Needs more subclass.
 
in VBA?
 
OP wants a keyhook. the can of worms is already opened.
 
That's presuming it's not a X-Y problem, though.
 
there's that
 
The op doesn't even say why he's wanting to hook to the keys
 
7:46 PM
"irrelevant details"
 
IKR?
 
OP didn't read the documentation, I don't see why the OP would care about any details.
 
is it the same guy that was asking why Not 1 isn't 0?
 
Nope. 1 prior question, tagged vb.net.
 
ha, someone beat you to an answer :)
 
7:48 PM
@Comintern often, in early stages of the programmer's lifetime, they just blindly copy'n'paste any random API from an API repository.

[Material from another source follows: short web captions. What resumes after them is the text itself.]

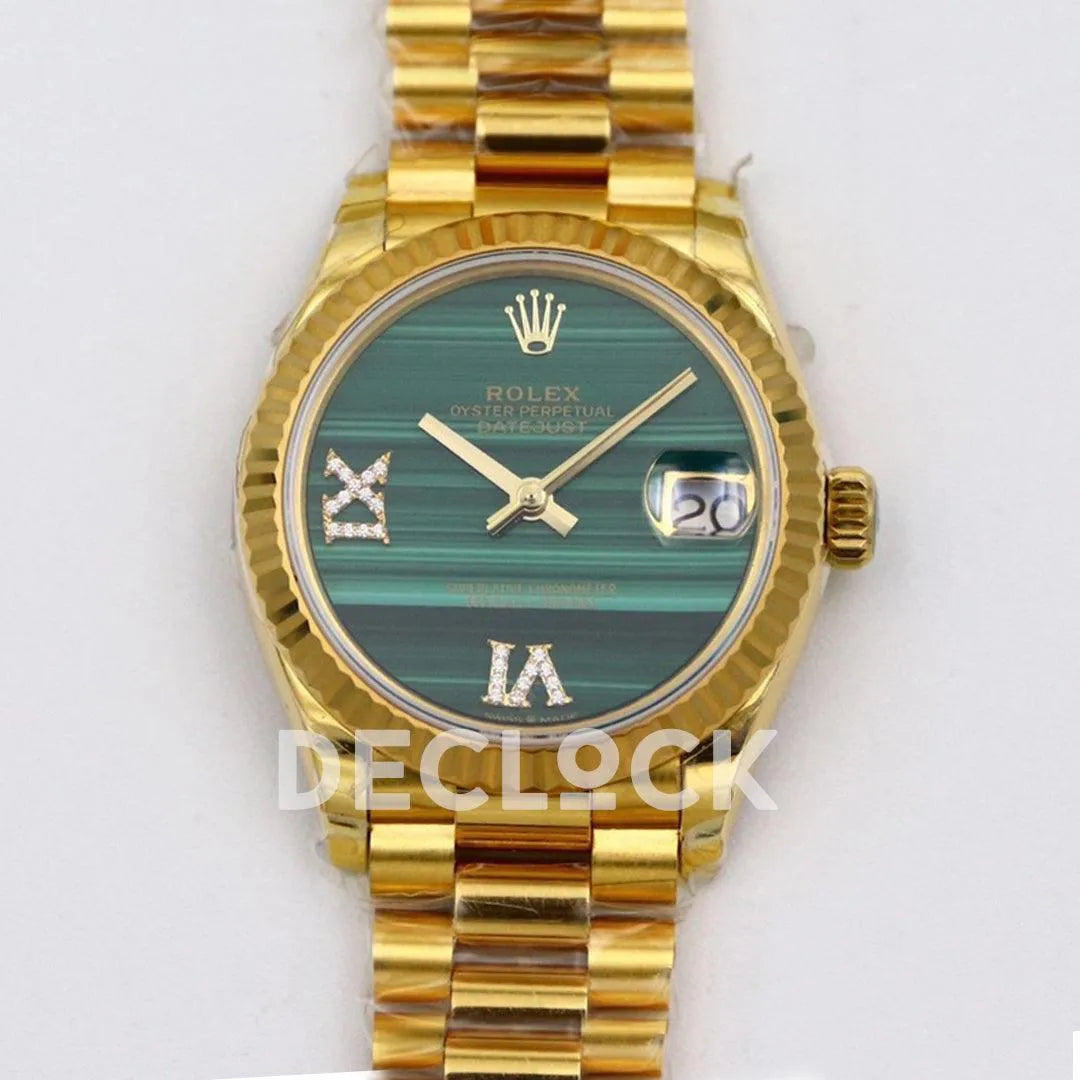 Replica Rolex Datejust 31 Vintage Green Dial in Yellow Gold with Roman Markers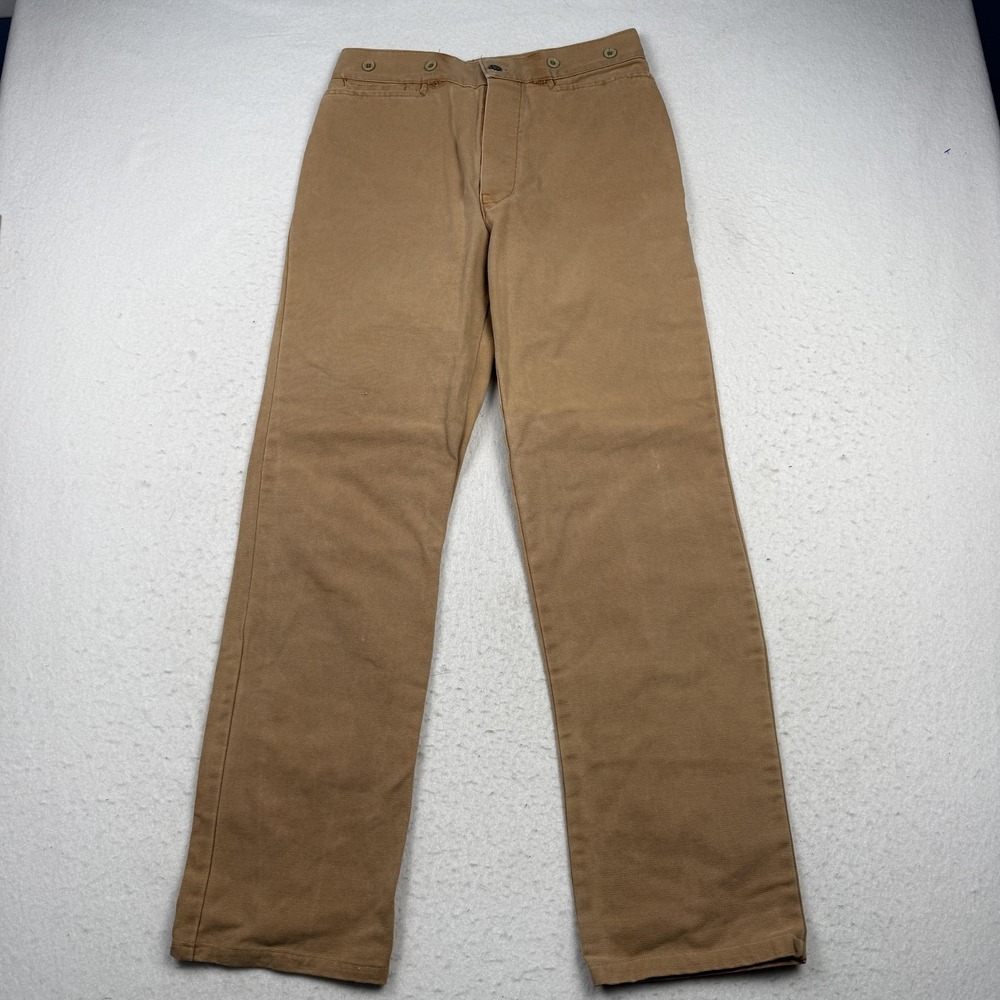 Wah Maker Pants Mens 32x31 Beige Canvas Western Workwear Adjustable Back USA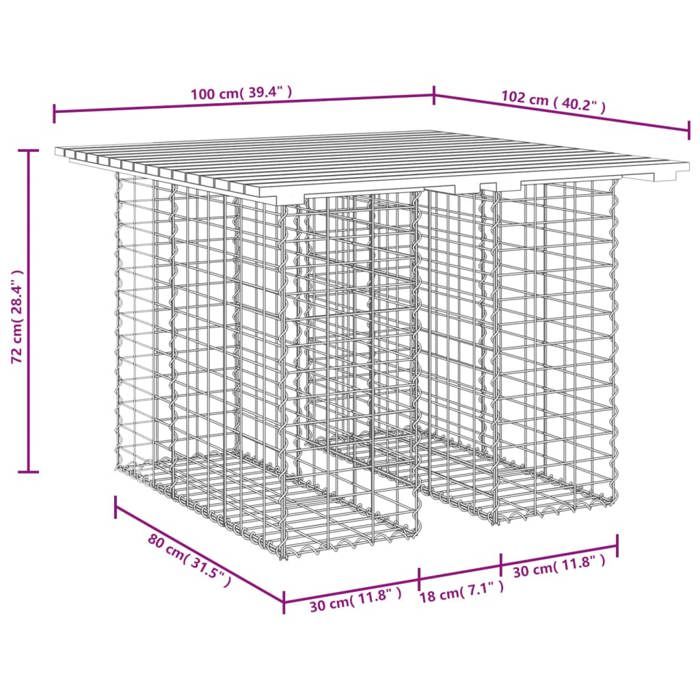 VidaXL Table de jardin Gabion Design 100x102x72 cm Bois massif Douglas 834369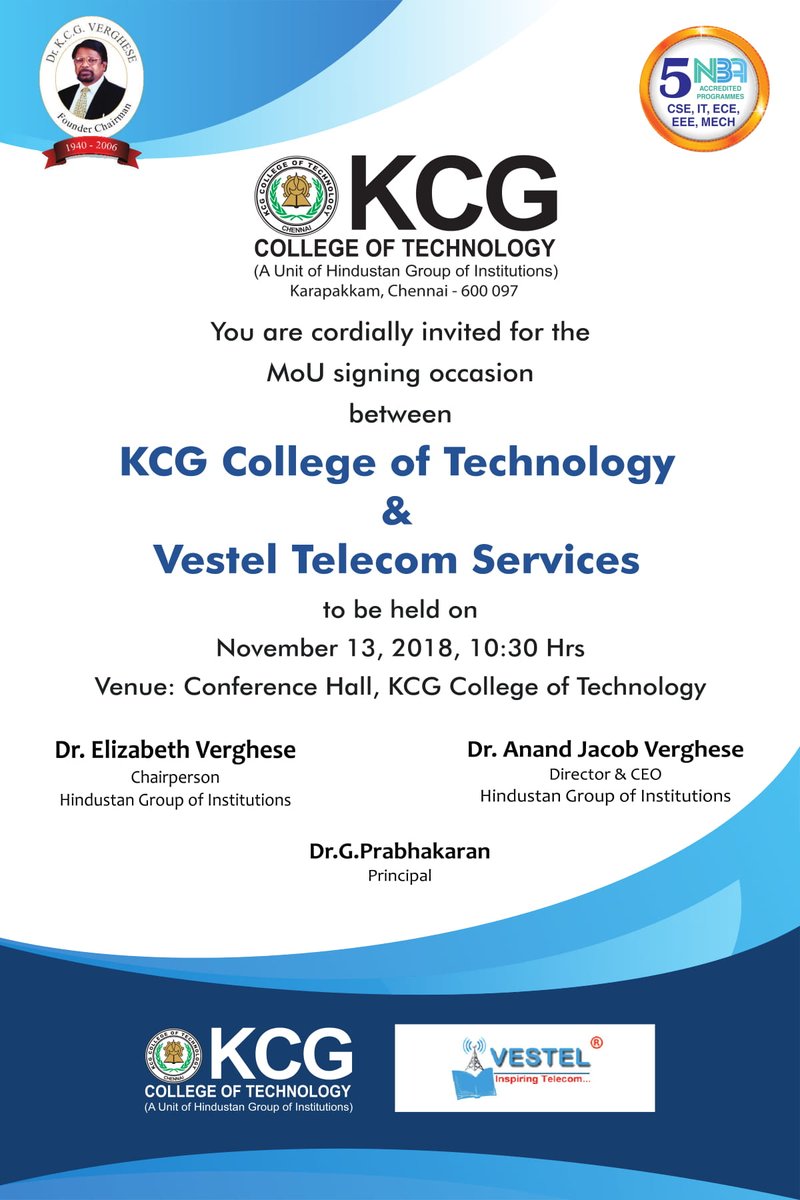 KCGtechnology's tweet photo. #ThrowbackThursday #Mou #KCGCollegeofTechnology #VestelTelecom

Mou signing Occasion between KCG College of Technology and Vestel telecom Services on 13th Nov 2018. https://t.co/h3f28bfWny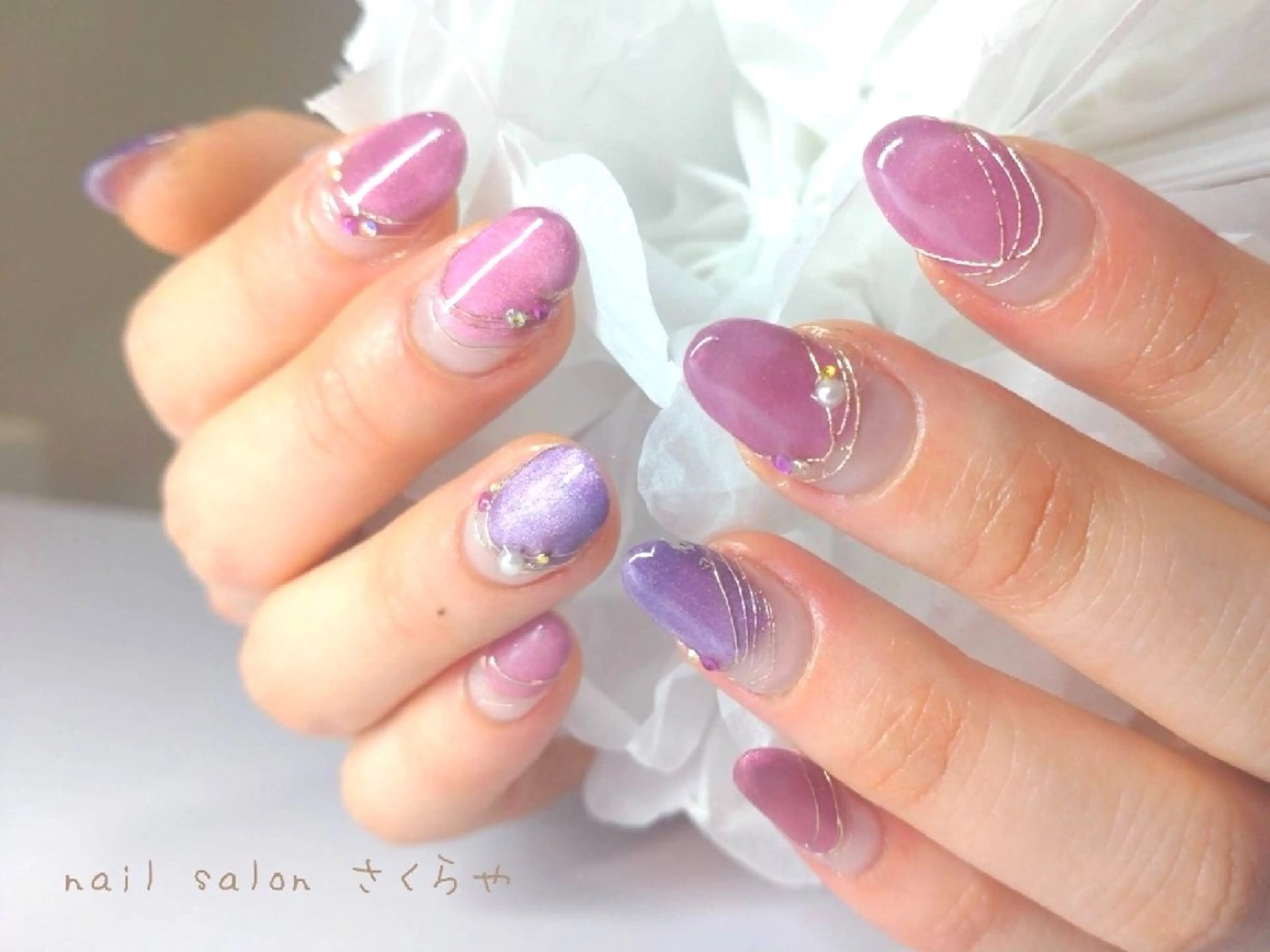ネイル フレンチネイル ジェルネイル マグネットネイル さくらや❤ パラジェル使用のネイルデザイン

Anyone else remember the "VB API heaven"?
mentalist.org something.
 
dementalist if you ask me.
 
@this huh that url does ring a distant bell somehow
 
Exactly. Those sites did more harm, IMO.
 
That would explain why the declaration is correct and the usage isn't.
 
that site I'm thinking of seems long ago dead
(thankfully)
 
7:52 PM
It's a Vegas magic show website now.
Seems appropriate.
 
but lot of times, they're just promiscuously swapping around API declares, without even linking to the source documentation. And they act surprised when it doesn't work the way they thought it'd.
 
huh, is it Mesmer?
 
no. doesn't sound right.
 
Some guy named Gerry McCambridge.
 
right, just went (to the url, not the show)
 
8:26 PM
Hi folks :-) So I finished the translation in time and for today I tried to turn on english comments.... What an idiot :-D There are so much helpful statements that simplify the translation... That should be somewhere written on wiki - let the english comments column turned on... :-D
 
yeah we have an open issue to write up a wiki article. :\
 
Oh and - is it possible that somewhen in the future, you will be focusing on quicker RD parsing? For my project, it takes about 30 seconds. Don't know if that's normal :)
 
how many objects do you have?
 
@this: When I will be on 4 hours train in the future, I'll think about it :)
is there a simple way to find that out?
 
in some o fmy project it does take a while. for me, the bigger problem is the memory limitation.
I would probably start with Application.VBE.ActiveVBProject.VBComponents.Count
that'll get us the # of all VBA objects that would probably get parsed.
 
8:32 PM
52
 
hmm, do they contain a lot of lines of code?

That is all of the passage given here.